History Welcomes New Faculty: Professor Jilene Chua

The History Department is excited to announce that Jilene Chua will be joining our faculty as Assistant Professor of History!

Jilene Chua is a socio-cultural legal historian of US race and empire, focusing on the Philippines. She was born in Manila—the capital city of the Philippines—and largely grew up in Richland, Washington. Her current project investigates how Chinese migrants troubled US empire in the Philippines in the first half of the twentieth century. In response to scholarship that has predominantly emphasized the Philippines as a US colony, she argues that the Philippines were also part of vibrant and longstanding Southeast Asian networks which complicated and, sometimes, undermined US colonial governance.
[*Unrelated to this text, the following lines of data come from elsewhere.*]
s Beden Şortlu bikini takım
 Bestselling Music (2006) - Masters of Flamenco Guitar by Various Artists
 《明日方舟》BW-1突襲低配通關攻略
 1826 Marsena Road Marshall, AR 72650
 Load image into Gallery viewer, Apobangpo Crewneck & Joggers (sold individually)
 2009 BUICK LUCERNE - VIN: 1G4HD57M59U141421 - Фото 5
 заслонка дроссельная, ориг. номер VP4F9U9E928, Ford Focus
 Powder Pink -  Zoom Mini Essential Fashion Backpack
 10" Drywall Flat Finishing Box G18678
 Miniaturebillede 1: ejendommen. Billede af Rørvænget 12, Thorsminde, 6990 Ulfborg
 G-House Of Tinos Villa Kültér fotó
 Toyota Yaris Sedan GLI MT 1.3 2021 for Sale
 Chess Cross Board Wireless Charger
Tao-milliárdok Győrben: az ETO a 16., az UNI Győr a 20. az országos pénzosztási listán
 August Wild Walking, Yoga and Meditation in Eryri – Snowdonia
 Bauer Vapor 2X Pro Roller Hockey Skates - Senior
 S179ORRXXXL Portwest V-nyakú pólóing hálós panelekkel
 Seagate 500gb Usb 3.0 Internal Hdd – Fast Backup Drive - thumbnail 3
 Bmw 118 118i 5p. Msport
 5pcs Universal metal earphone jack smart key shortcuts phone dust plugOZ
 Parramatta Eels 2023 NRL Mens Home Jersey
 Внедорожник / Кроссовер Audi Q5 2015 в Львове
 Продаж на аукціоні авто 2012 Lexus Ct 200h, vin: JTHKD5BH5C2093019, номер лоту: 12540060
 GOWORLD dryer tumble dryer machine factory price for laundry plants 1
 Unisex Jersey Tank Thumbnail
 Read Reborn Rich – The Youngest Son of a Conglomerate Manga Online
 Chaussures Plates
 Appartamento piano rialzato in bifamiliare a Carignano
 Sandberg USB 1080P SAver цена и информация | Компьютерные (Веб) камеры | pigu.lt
This research has benefitted from her background as a Philippine Hokkien speaker; time she spent re-learning Tagalog at the University of Wisconsin-Madison’s Southeast Asian Studies Summer Institute (SEASSI); and from being a Visiting Researcher at the Center for Southeast Asian Studies in Kyoto University (Japan) and at the Ateneo de Manila University (Philippines). Her project has also received support from the Fulbright Program, the American Society for Legal History, the Society for Historians of American Foreign Relations, among others. This June, she will complete her PhD in History from Johns Hopkins University. At BU, she will teach courses related to Asian American history, the Philippines, and comparative racial regimes.

This fall, Professor Chua will be teaching HI 372: Power and Pleasure in Asian America and HI 400 B1: Topics in History (Paper Children, Tiger Parents: Capitalism and Asian American Families).